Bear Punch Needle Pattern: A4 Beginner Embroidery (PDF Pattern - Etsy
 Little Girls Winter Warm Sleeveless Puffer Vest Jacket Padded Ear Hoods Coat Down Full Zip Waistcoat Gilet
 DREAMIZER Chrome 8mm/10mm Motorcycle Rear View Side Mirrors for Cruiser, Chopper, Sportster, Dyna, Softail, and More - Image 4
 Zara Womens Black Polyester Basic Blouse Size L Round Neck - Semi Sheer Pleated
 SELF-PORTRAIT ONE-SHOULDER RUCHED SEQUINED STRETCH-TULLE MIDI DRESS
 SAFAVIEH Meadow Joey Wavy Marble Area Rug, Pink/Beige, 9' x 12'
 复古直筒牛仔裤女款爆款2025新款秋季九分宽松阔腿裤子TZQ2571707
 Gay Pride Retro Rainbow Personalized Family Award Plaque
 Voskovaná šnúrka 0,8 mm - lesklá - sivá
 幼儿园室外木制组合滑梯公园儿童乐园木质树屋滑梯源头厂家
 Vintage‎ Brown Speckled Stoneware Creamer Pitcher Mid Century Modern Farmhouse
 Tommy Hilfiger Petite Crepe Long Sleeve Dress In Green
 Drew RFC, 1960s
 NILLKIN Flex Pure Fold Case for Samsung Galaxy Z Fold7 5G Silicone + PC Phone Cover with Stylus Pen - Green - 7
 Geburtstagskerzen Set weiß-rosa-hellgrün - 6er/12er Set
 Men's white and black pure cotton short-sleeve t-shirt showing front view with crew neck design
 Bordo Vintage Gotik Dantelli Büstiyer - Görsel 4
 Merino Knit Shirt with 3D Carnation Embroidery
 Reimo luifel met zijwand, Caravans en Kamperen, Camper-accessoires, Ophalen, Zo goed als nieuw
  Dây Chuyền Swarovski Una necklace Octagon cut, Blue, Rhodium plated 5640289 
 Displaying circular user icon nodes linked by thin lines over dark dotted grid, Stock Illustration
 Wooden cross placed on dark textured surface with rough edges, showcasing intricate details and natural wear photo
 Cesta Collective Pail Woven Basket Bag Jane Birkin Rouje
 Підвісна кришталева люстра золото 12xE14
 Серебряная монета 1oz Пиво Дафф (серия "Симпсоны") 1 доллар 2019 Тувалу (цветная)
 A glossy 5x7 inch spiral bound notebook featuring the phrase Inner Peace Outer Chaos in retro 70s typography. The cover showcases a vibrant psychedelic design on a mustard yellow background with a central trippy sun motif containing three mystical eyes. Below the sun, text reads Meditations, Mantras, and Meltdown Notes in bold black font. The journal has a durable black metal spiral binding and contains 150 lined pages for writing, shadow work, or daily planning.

::::

All that is needed is the line containing "Bordo Vintage Gotik" and each line after it to the end of the data above, set down exactly.

 Bordo Vintage Gotik Dantelli Büstiyer - Görsel 4
 Merino Knit Shirt with 3D Carnation Embroidery
 Reimo luifel met zijwand, Caravans en Kamperen, Camper-accessoires, Ophalen, Zo goed als nieuw
  Dây Chuyền Swarovski Una necklace Octagon cut, Blue, Rhodium plated 5640289 
 Displaying circular user icon nodes linked by thin lines over dark dotted grid, Stock Illustration
 Wooden cross placed on dark textured surface with rough edges, showcasing intricate details and natural wear photo
 Cesta Collective Pail Woven Basket Bag Jane Birkin Rouje
 Підвісна кришталева люстра золото 12xE14
 Серебряная монета 1oz Пиво Дафф (серия "Симпсоны") 1 доллар 2019 Тувалу (цветная)
 A glossy 5x7 inch spiral bound notebook featuring the phrase Inner Peace Outer Chaos in retro 70s typography. The cover showcases a vibrant psychedelic design on a mustard yellow background with a central trippy sun motif containing three mystical eyes. Below the sun, text reads Meditations, Mantras, and Meltdown Notes in bold black font. The journal has a durable black metal spiral binding and contains 150 lined pages for writing, shadow work, or daily planning.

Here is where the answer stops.